> **What to produce**
Look through the listing below for the string "Porsche". Show each line where it occurs.

> **Material for this exercise**

* * * * * * * * *

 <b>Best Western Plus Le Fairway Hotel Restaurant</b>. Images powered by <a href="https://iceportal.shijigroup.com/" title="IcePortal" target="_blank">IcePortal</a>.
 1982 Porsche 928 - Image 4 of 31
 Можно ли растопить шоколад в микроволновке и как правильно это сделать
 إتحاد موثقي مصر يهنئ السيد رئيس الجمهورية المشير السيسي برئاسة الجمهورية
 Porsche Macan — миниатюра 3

* * * * * * * * *

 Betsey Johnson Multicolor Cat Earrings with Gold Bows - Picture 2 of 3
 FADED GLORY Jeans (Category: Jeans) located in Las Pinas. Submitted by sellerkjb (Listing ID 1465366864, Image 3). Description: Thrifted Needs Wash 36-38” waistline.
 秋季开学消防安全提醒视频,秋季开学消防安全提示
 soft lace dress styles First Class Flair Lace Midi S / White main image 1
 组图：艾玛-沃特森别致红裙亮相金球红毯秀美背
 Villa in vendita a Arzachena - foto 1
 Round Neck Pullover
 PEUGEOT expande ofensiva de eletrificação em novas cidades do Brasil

* * * * * * * * *

> **Solution to this task**
 1982 Porsche 928 - Image 4 of 31
 Porsche Macan — миниатюра 3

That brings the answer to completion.